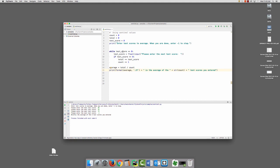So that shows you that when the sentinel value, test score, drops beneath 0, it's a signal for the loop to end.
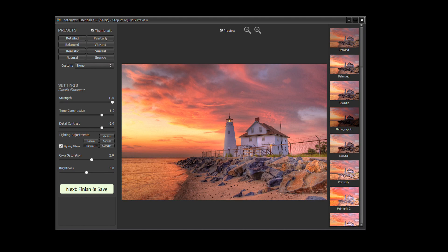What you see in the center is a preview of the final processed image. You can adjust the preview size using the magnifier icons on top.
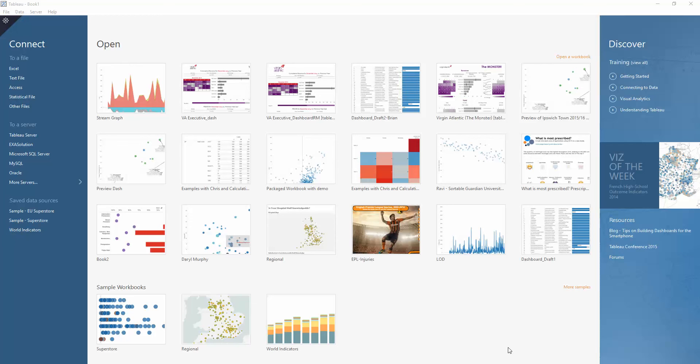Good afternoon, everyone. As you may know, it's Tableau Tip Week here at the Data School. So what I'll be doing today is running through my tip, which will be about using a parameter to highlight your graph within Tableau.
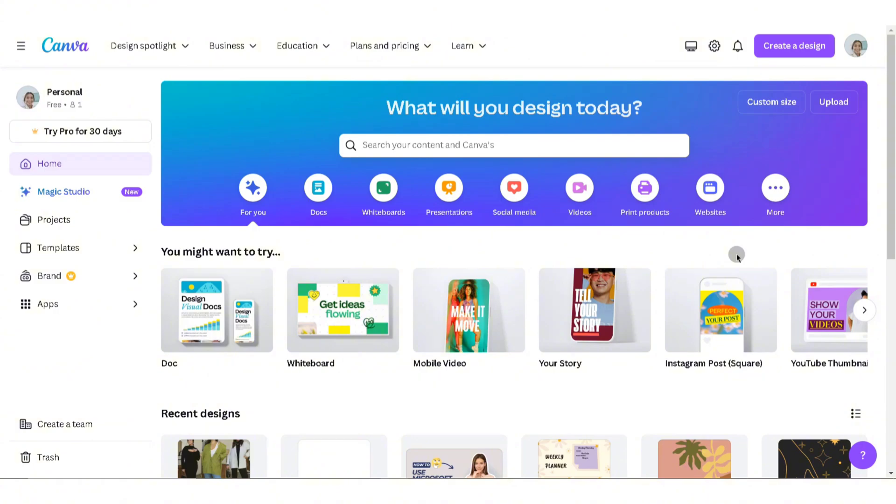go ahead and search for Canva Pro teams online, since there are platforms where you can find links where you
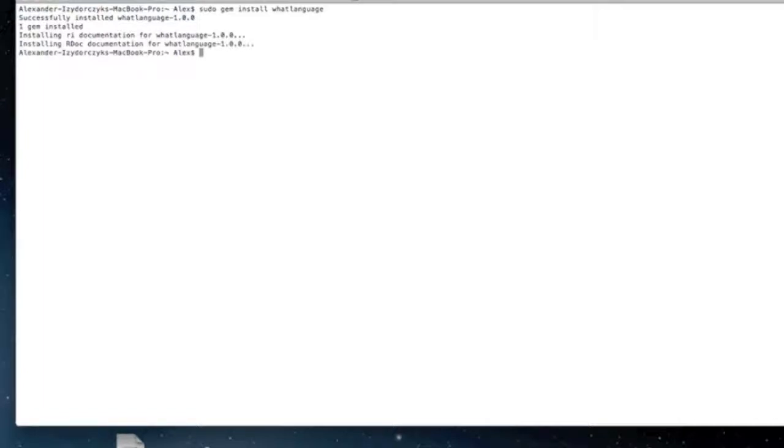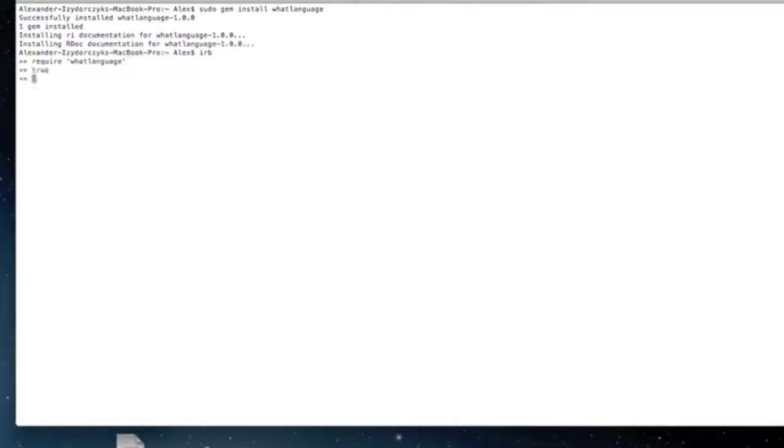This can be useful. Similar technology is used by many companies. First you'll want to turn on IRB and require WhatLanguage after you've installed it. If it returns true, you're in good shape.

## Task statement
From the records above, quote word for word only the lines beginning at the line that has "Good afternoon, everyone." and stopping after the line that has "go ahead and". Omit the pictures.

## Answer to this task
Good afternoon, everyone. As you may know, it's Tableau Tip Week here at the Data School. So what I'll be doing today is running through my tip, which will be about using a parameter to highlight your graph within Tableau.
go ahead and search for Canva Pro teams online, since there are platforms where you can find links where you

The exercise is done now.